# TASK TO CARRY OUT:
In the material below, print every line exactly and omit the pictures.

# DATA:
*** Begin section ***
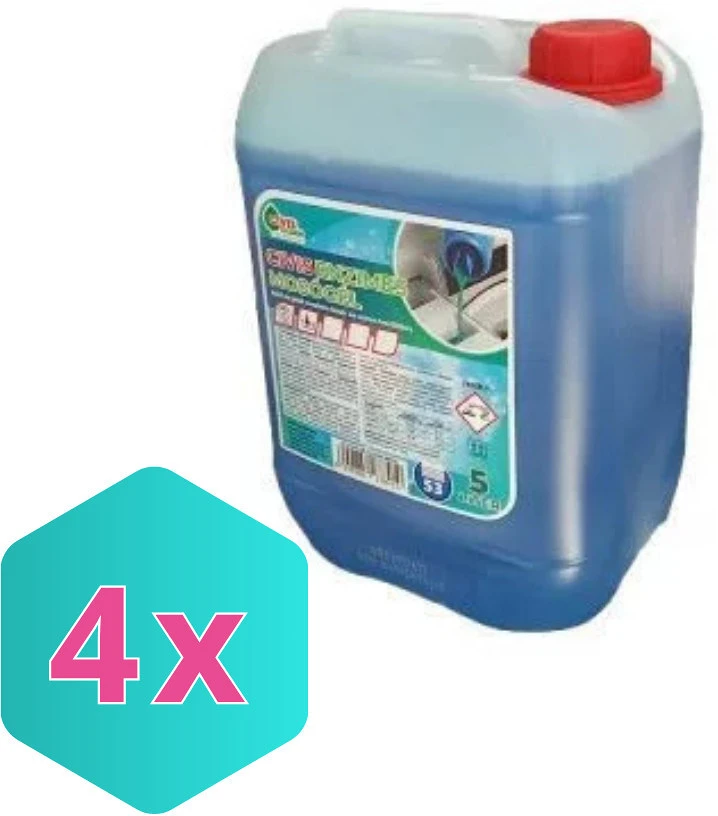 Karton DA503XSZCIKCEM5 nagyítás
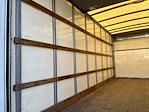 Used 2017 Ford E-350 Box Truck for sale #18287 - photo 15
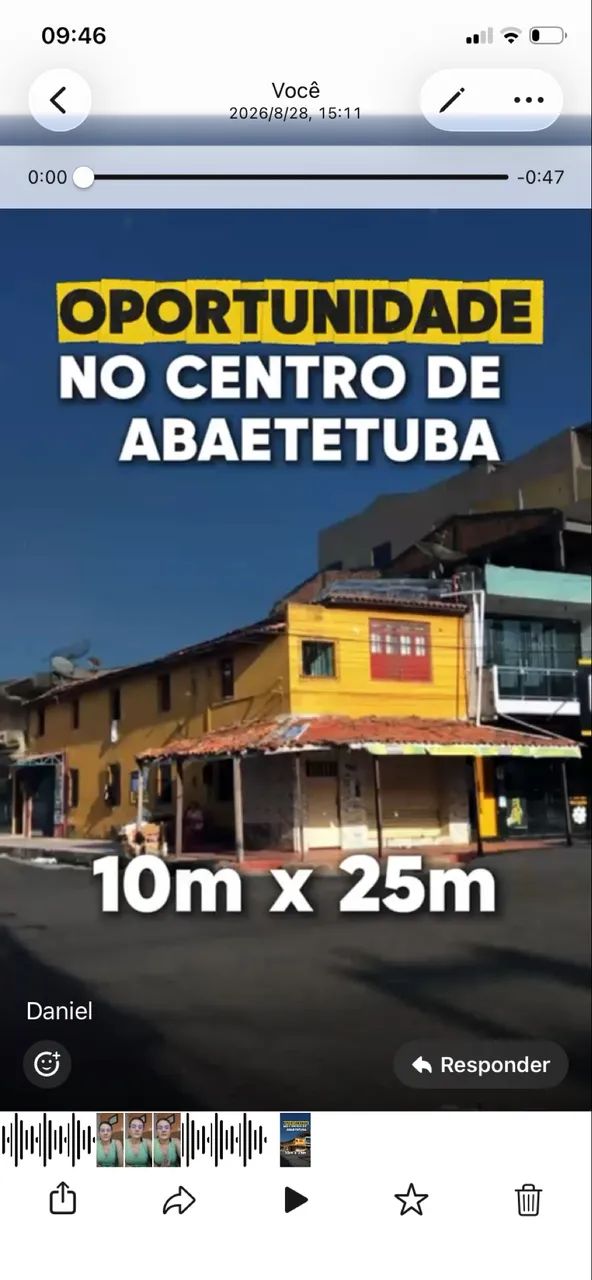 Comercial - Foto 2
*** End section ***
# TASK ANSWER:
 Karton DA503XSZCIKCEM5 nagyítás
 Used 2017 Ford E-350 Box Truck for sale #18287 - photo 15
 Comercial - Foto 2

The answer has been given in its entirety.